A Templates object can be shared across multiple concurrent threads and may be used multiple times during its lifetime. However, an XSL Transformer isn't thread-safe and must not be shared across multiple concurrent threads. Typically, a single Templates object will spawn multiple Transformer instances, one for each thread that needs to use the XSLT stylesheet. Example 18-3 shows how you can create an XSL transformer for a given stylesheet.
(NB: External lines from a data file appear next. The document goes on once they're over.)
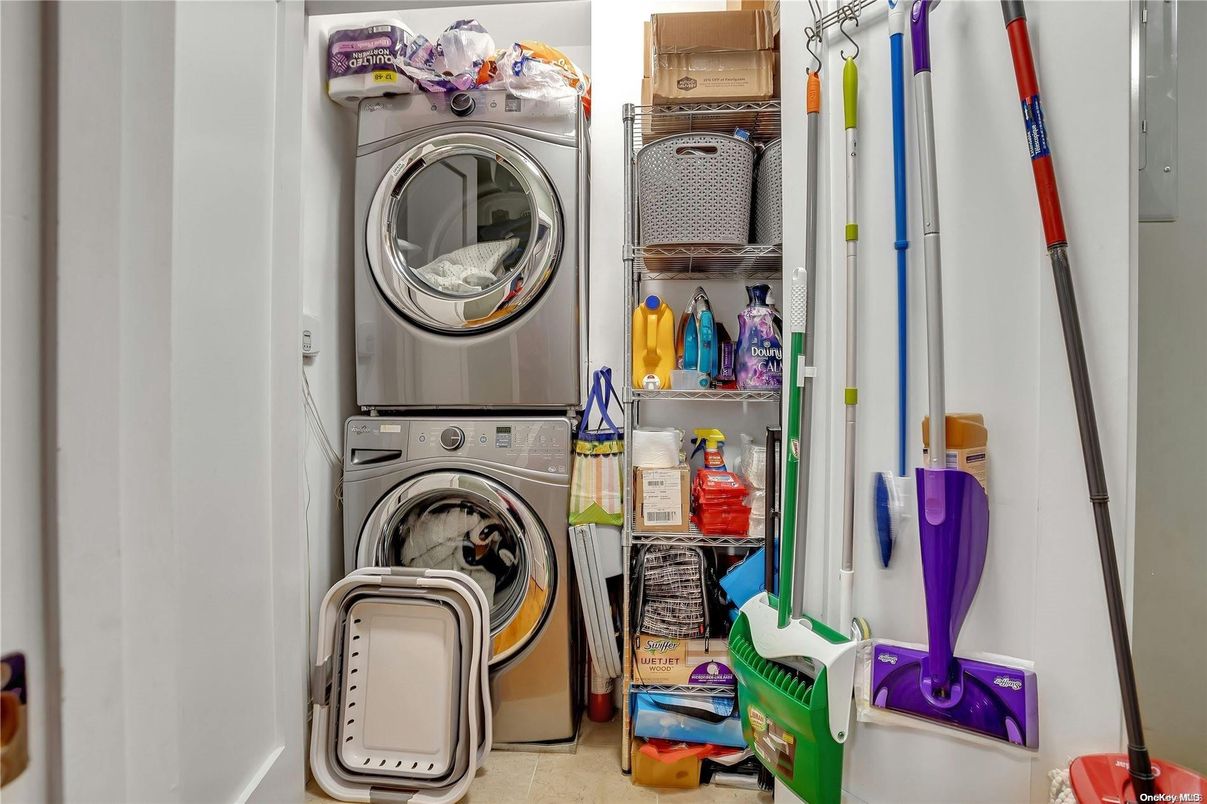 Interior, Utility Closets, Washer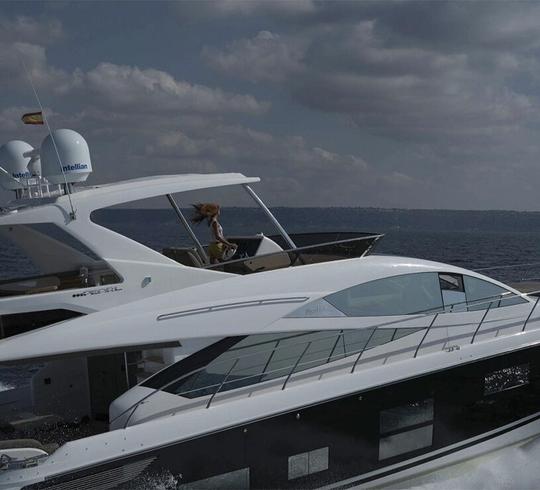 Fretamento tripulado do Pearl 67 Power Mega Yacht em Port Calanova, Espanha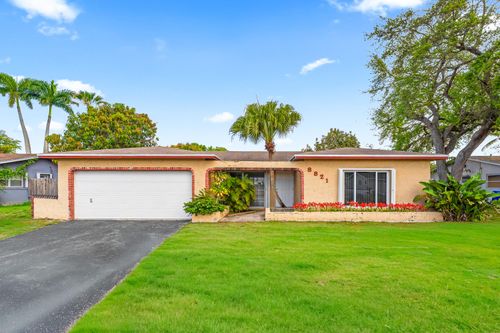 8821 Nw 3rd St, Pembroke Pines, FL, 33024-6509 | Card Image
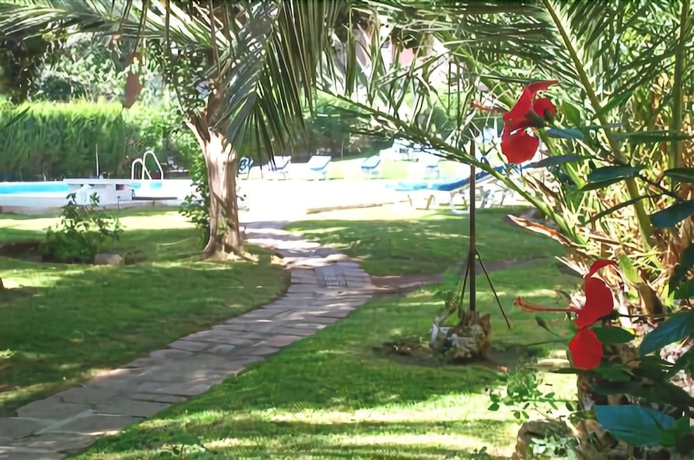 Imagen de los exteriores del Apartamentos San Carlos, Benalm&aacute;dena. Foto 12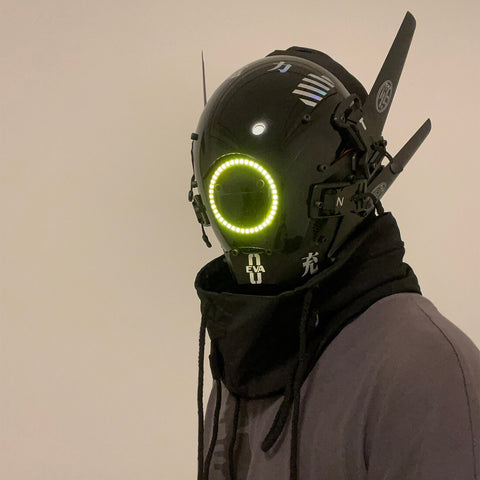 FuturFam-future-cyberpunk-techwear-mask-with-led-lights-halloween-props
Example 18-3. Using JAXP to access a transformer

import javax.xml.transform.Transformer;
import javax.xml.transform.TransformerFactory;
import javax.xml.transform.dom.DOMSource;
import javax.xml.transform.stream.StreamSource;
import javax.xml.transform.stream.StreamResult; 
import org.w3c.dom.Document;
//...
TransformerFactory tf = TransformerFactory.newInstance( );
Transformer t = 
 tf.newTransformer(new StreamSource(new java.io.File("foo.xsl")));

// apply stylesheet to a DOM tree and write the 
// output of transformation to System.out
t.transform(new DOMSource(doc), new StreamResult(System.out));

Alternatively, you could create a Templates object that captures all the transformation instructions specified in the stylesheet. For example, you could create a Templates instance in the init( ) method of a servlet:

TransformerFactory tf = TransformerFactory.newInstance( );
Templates tmpl = 
 tf.newTemplates(new StreamSource(new java.io.File("foo.xsl")));

Then, when you need to apply the XSLT stylesheet to an XML document (for instance, in the doPost( ) method of a servlet), you need only to create a new Transformer instance using the same Templates object:

// Needs to be applied to an XML document
Transformer t = tmpl.newTransformer( );
t.transform(domSource, streamResult);

By default, WebLogic uses its built-in factory for processing XSLT stylesheets: org.apache.xalan.processor.TransformerFactoryImpl.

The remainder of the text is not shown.